It has been almost a decade since the bullet bodies of a British-Iraqi family and a French cyclist were found on a deserted road in the French Alps on September 5, 2012. Saad Al-Hilli, 50, his wife, Iqbal, 47, and her mother, Suhaila Al-Allaf, 74, were found dead in their red-brown BMW. The lifeless body of Sylvain Mollier, 45, a French cyclist, was next to the car. Zainab, the couple’s 7-year-old daughter, was found in front of the car, a pistol whipped with a gunfire in the shoulder and her 4-year-old sister Zeena was hiding under her mother’s body in the back seat. .
More than 800 witnesses from France, England, Italy, Switzerland and Iraq were heard in the stalemate investigation, which was full of conspiracy theories, ranging from reports that patriarch Saad Al-Hilli was a money launderer. for Saddam Hussein millions due to rumors about secret bank accounts and a dispute between families, the assumptions that it was an ambush of a secret meeting between Mollier and Al-Hilli. In 2013, Al-Hilli’s older brother was accused of ordering the beating of his brother, but later released due to lack of evidence of any killer.
The blood-stained evidence painted an unsolved mystery. Patriarch Al-Hilli was shot inside the closed car, but had the cyclist’s blood on his clothes. The 7-year-old girl found outside the vehicle had the cyclist’s blood on her feet.
The case, although still open, has remained inactive for years.
But this week, a bizarre connection to the assassination attempt on French hypnotist Marie-Hélène Dini, 55, near Paris could help solve the case. Dini learned that last year she easily escaped the assassination of a coup team. French police say she was hired by her professional rival for about $ 85,000. The rival, who was also arrested, said he only hired men to supervise her, not kill her.
Police were called to Dini’s home in the Parisian suburb of Creteil in July last year when a crazy neighbor called two suspicious-looking men to throw the neighborhood. Police found the men, who were wearing black clothes and gloves, with a Luger Po6 pistol and a silencer placed in a car with false license plates. They told police they were on an “official mission” to shoot the hypnotist because of his alleged relationship with the Israeli secret police known as the Mossad.

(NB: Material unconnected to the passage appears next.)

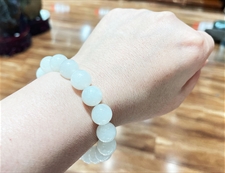 和田玉手串和田玉羊脂玉10mm珠手串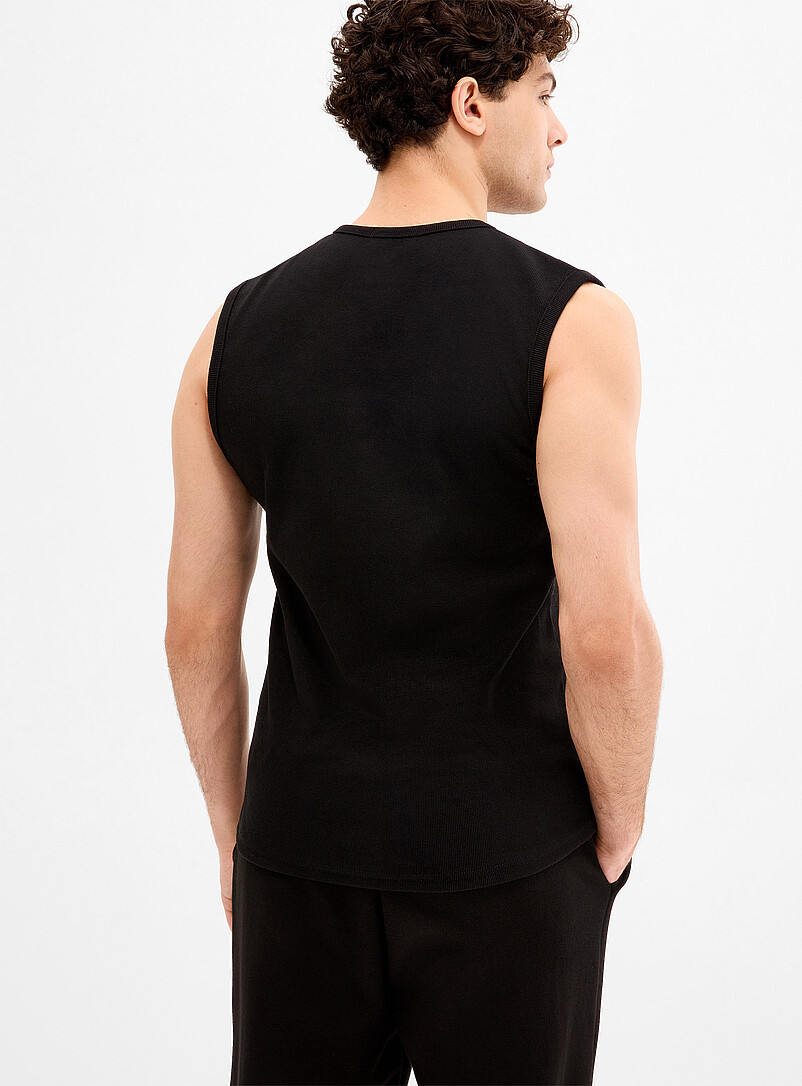 Ribbed jersey sleeveless T-shirt Imported from Seoul product image 2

Police detained the couple and found that they were being paid assassin, linked to other crimes for rent. They say the men, one of whom was a retired police officer, met through a “small group of Freemasons who had turned their hands to enter into successful contracts,” according to French media reports. Dini told police he had no association with the Mossad and has since left the Paris area.

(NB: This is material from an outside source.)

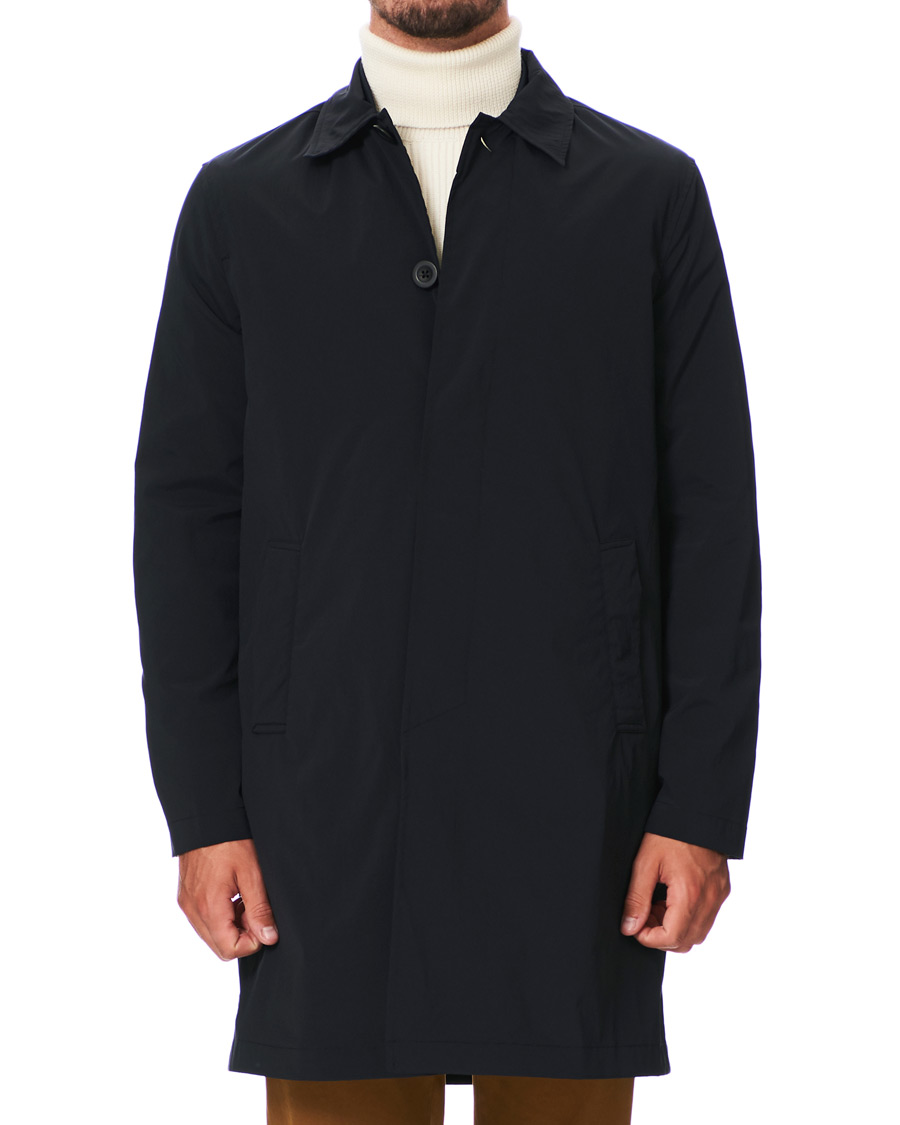 Herre | Jakker | Slowear | Urban Traveller Technical Trench Coat Navy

Their weapons and ammunition were then analyzed to try to find a connection to the unsolved crimes. Two other crimes have already been linked to the affected team, and French police reported on Friday that the exact type of bullets in their loaded weapon, intended for the hypnotist, was used to kill the Al-Hilli family and the French motorcyclist in the Alps. Now, investigators are looking at who could have hired the men and whether Al-Hilli or the French cyclist – or both – were the intended targets and why.